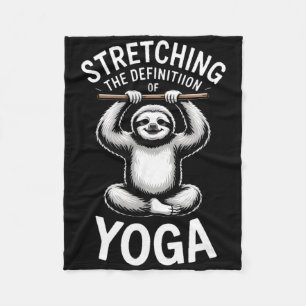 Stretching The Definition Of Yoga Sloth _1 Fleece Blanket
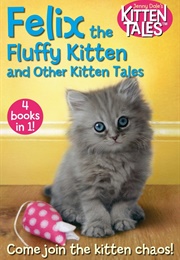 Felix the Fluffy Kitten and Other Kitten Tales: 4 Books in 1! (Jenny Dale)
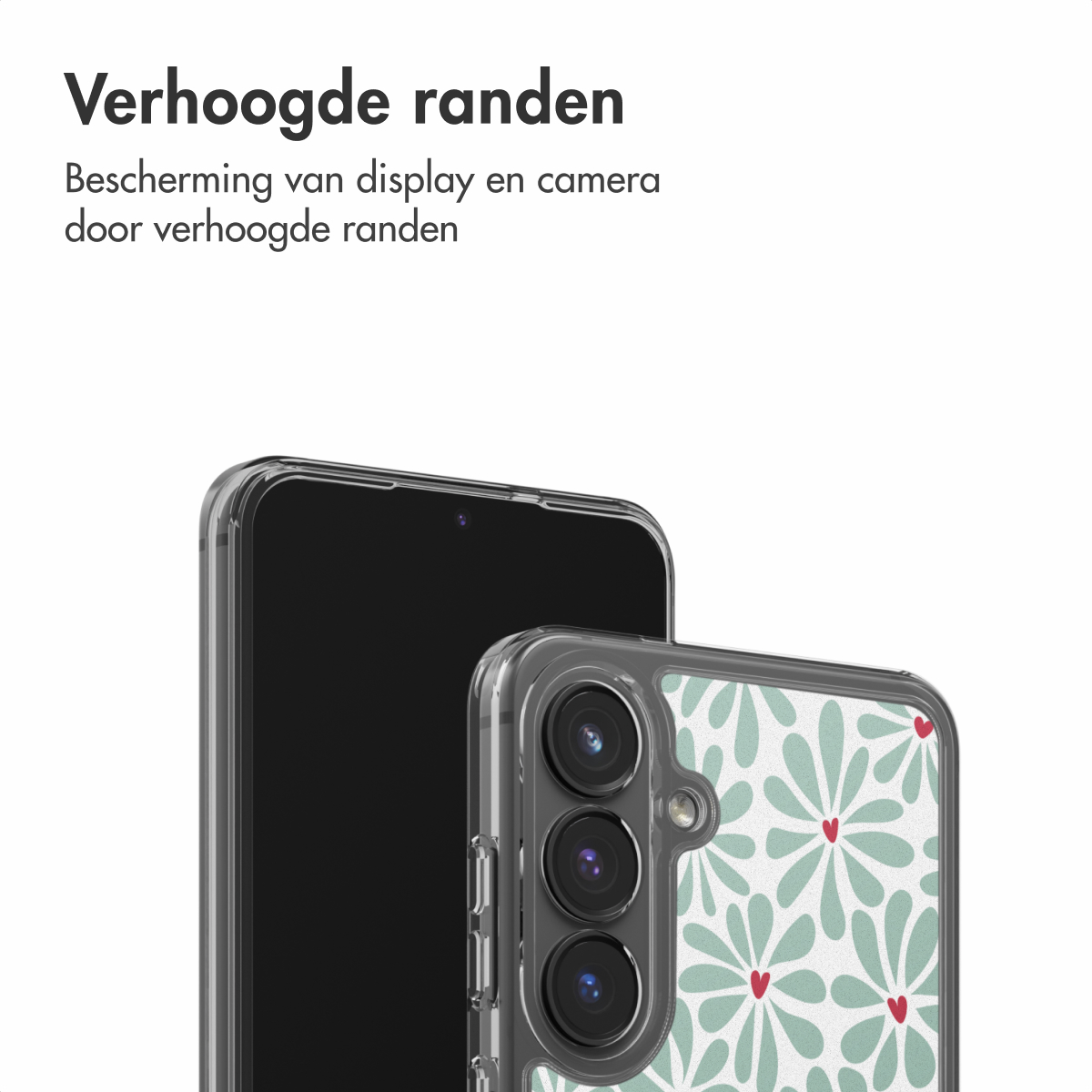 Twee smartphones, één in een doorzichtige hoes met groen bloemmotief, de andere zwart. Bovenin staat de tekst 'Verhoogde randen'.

---

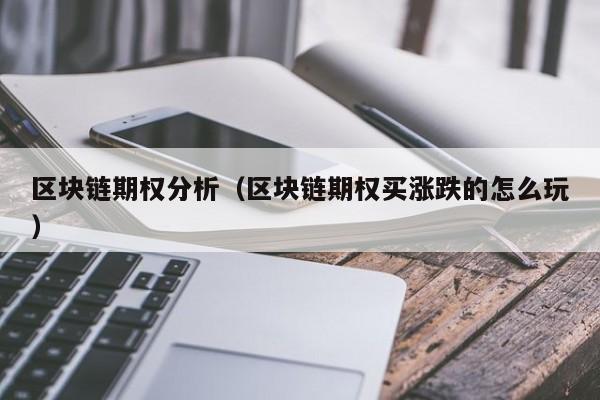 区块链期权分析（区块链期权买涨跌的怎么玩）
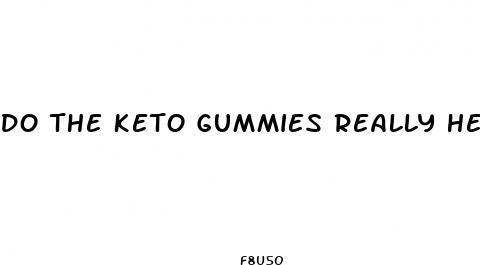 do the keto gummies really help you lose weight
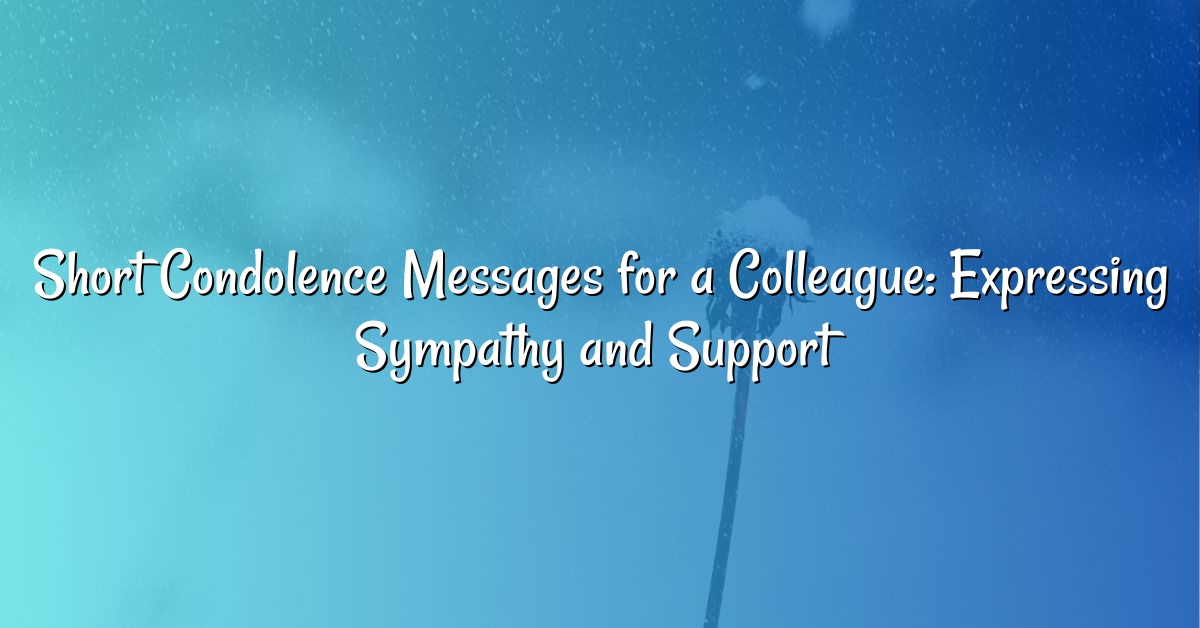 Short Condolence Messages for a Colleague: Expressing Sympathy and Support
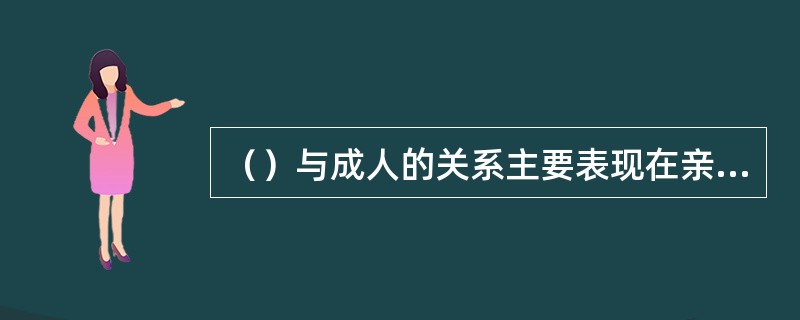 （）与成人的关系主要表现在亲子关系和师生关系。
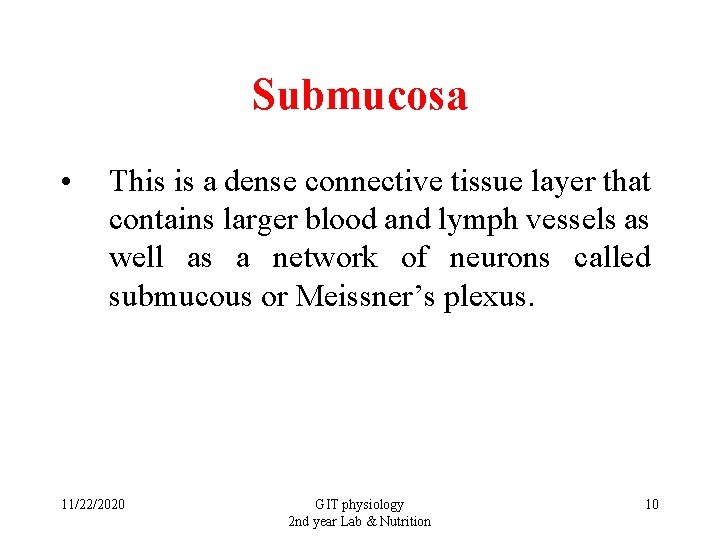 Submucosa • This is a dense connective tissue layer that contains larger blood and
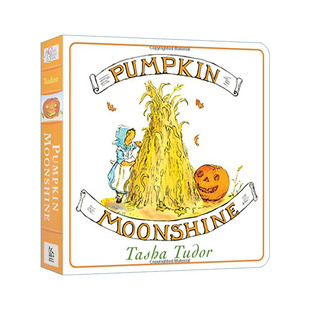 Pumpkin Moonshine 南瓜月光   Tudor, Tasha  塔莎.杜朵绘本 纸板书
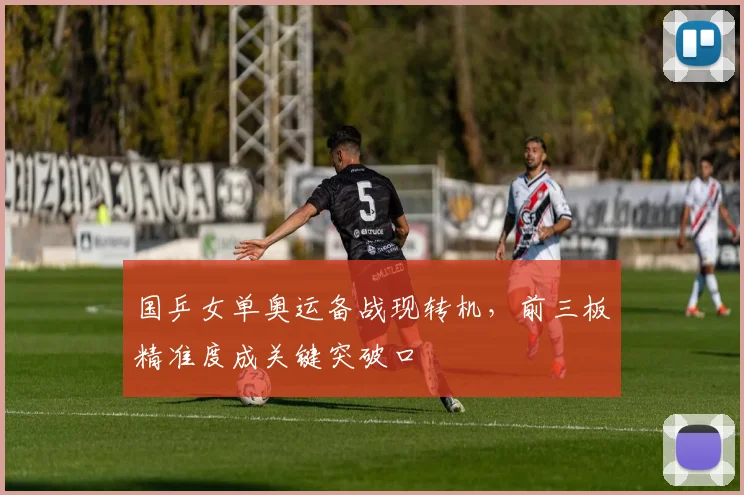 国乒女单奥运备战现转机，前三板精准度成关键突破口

--

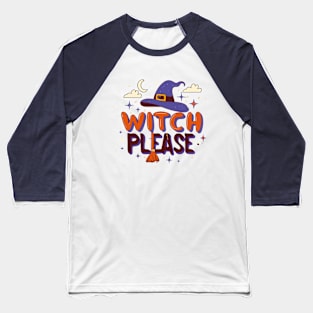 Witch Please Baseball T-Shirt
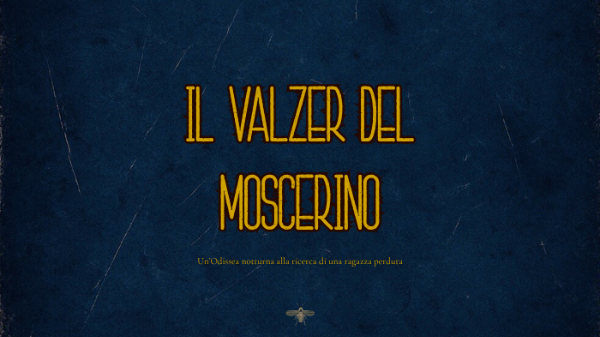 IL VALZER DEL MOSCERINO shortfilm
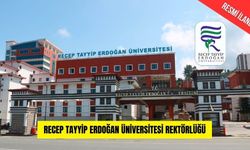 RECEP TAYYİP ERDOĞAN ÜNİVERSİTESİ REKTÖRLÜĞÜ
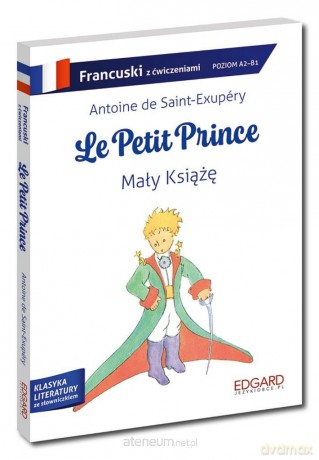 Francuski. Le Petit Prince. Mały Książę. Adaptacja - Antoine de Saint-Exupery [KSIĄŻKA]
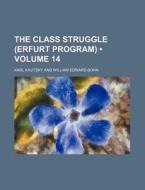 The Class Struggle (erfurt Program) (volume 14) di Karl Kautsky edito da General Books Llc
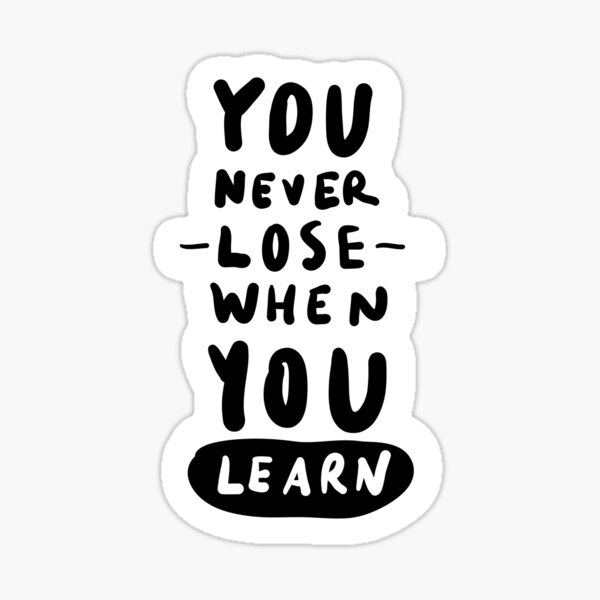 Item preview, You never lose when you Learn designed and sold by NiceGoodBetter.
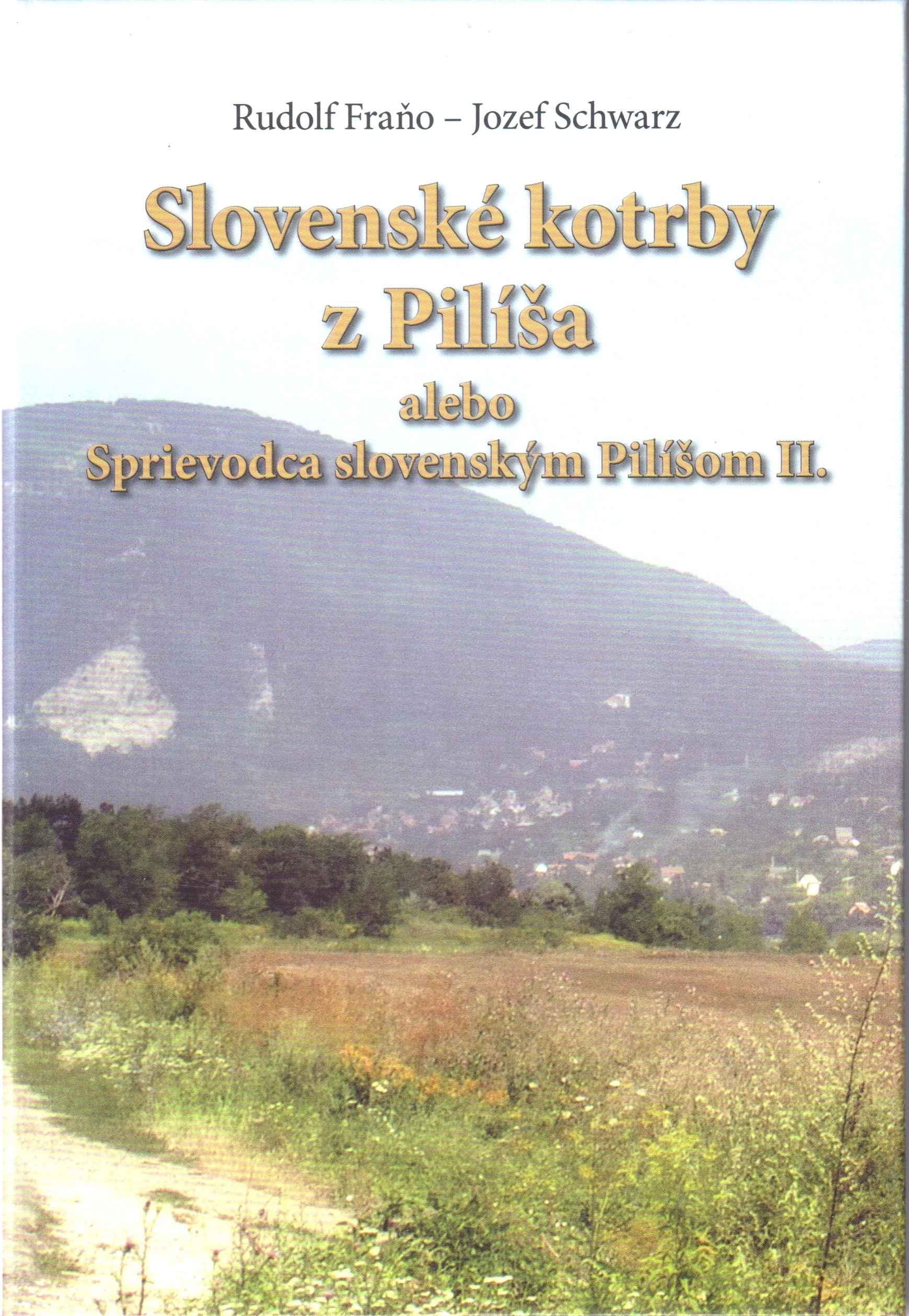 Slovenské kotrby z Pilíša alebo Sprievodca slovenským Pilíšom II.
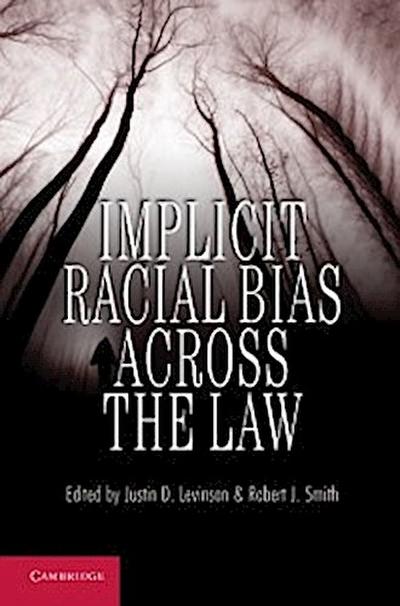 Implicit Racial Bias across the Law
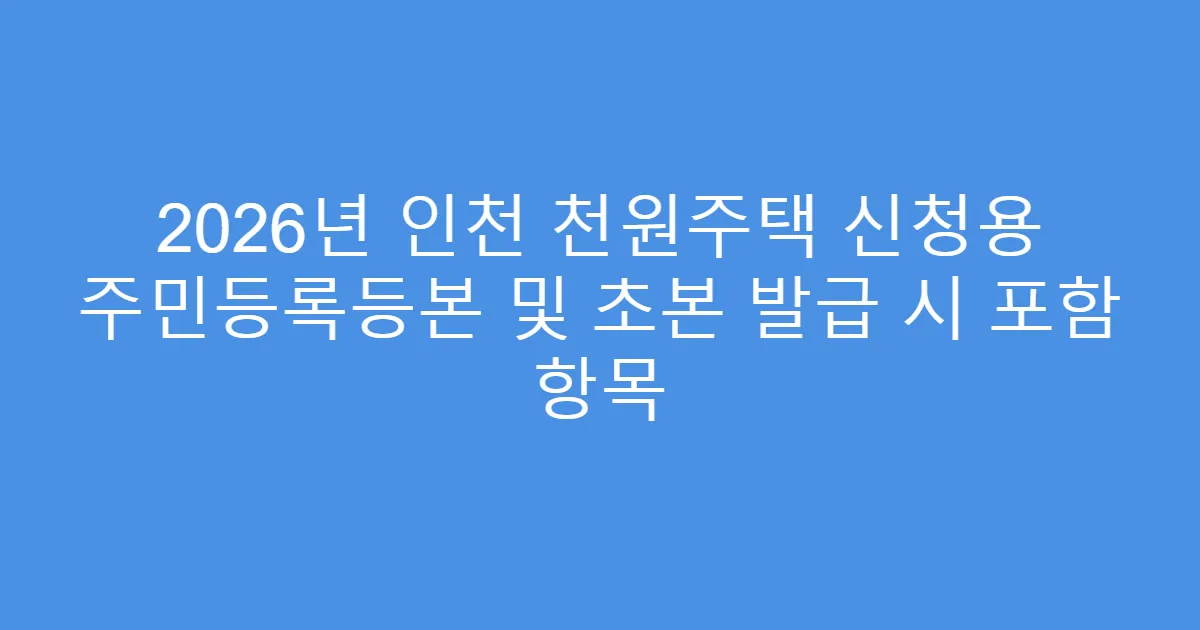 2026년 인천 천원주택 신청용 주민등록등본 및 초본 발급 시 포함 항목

[WHAT YOU HAVE TO DO]
Copy word for word the span of the records above that begins at the line with "Submucosa • This" and ends at the line with "国乒女单奥运备战现转机，前三板精准度成关键突破口", including those two lines but not the pictures.

[WRITTEN ANSWER]
 Submucosa • This is a dense connective tissue layer that contains larger blood and
 Pumpkin Moonshine 南瓜月光   Tudor, Tasha  塔莎.杜朵绘本 纸板书
 国乒女单奥运备战现转机，前三板精准度成关键突破口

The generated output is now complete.